FILLIES OF SOLE: There are some publications out there where you just wish you could've been in the room when some passionate editor or panicky board of directors made their pitch for "the next big thing."

Media Mix Shuz is just such a magazine. It's so fresh, our word-processing program doesn't even have the proper characters to spell its funky name. (There's a bar over the "u.") Shuz celebrates its premiere issue this month, and it's no small endeavor. For starters, you've gotta plunk down $9.95 for this twice-yearly publication. And if you don't happen to be one of the people on the planet (we're still polling for a sense of their numbers) who's of like mind with the editors (i.e., obsessed with shoes since you were a little girl), it'll take awhile to acclimate.
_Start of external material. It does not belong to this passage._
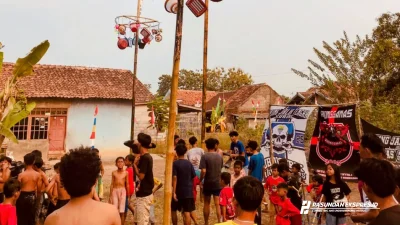 Viking Jalur Tengah Subang Rayakan HUT ke-81 RI Bersama Masyarakat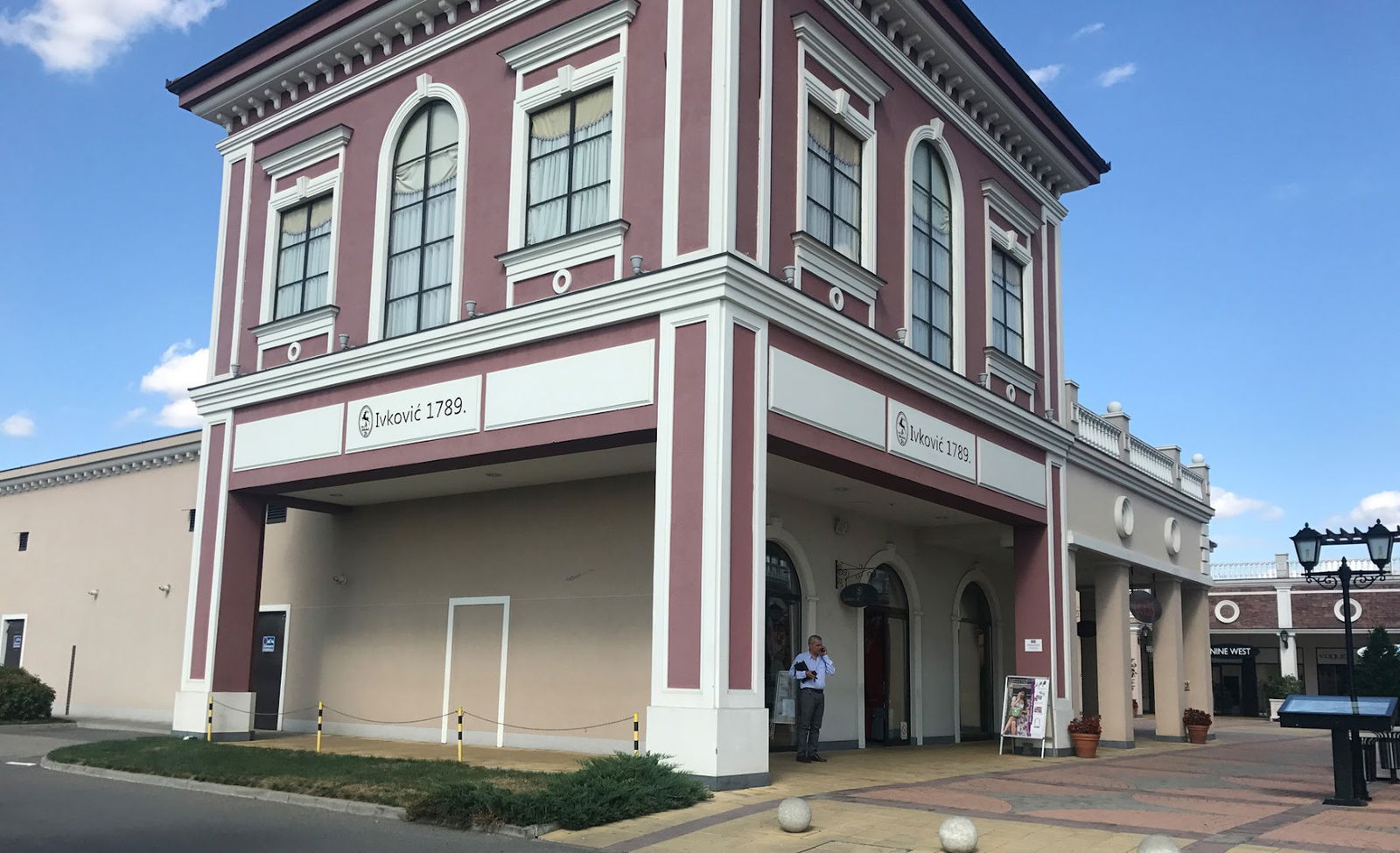 Ivković 1789 Outlet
Just what is going on, here?, we kept asking ourselves as we leafed through its 128 pages. Was it an advertorial for the shoe industry? A fancy catalog? An actual editorial product? Evidently, the editors are still trying to decide what kind of format will viably support their habit.
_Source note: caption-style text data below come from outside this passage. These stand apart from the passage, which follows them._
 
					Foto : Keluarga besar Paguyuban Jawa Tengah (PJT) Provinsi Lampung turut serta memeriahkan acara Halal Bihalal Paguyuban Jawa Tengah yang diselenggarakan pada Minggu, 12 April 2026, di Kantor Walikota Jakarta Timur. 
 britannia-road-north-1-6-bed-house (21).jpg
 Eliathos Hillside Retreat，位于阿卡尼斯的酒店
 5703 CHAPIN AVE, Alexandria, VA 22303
Because what Shuz most definitely is, and most assuredly will remain, is an exuberant, unabashed, personal celebration of the harmless obsession of buying shoes. Or is it buying personal empowerment? Or selling shoes and personal empowerment via cloying advertising slogans? (E.g., "Bootie is in the eye of the beholder.")

Many of the contributing authors look to the shoe for comfort, confidence and, well, camaraderie ("My Lifelong Love Affair with Boots"); for artistic inspiration (in addition to profiles on three ultra-successful women shoe designers, meet "June Moxon: Shoe sculptor/racer," who drove across the country in "a huge, snakeskin pump" of her design); and mother-daughter bondage. We mean bonding.

("Need is not a word we use when we shop for shoes," said the rebuked daughter of a woman whose specially designed closet supports 500 cubbyholes for her prodigious predilection. The 14-year-old daughter herself was lobbying for what would be her 40th pair at the time.)

The most interesting piece in the issue hints at the wealth of insight the humble shoe indeed has to offer armchair anthropologists: Linda O'Keefe's "Arch Rivals" offers a brief history on women's shoes that traces the invention of the high heel not to restrictive women's fashions imposed by some patriarchal society, but rather to Mesopotamian butchers--who "constructed stilt-like overshoes so they could maneuver on carcass-strewn floors." Who knew?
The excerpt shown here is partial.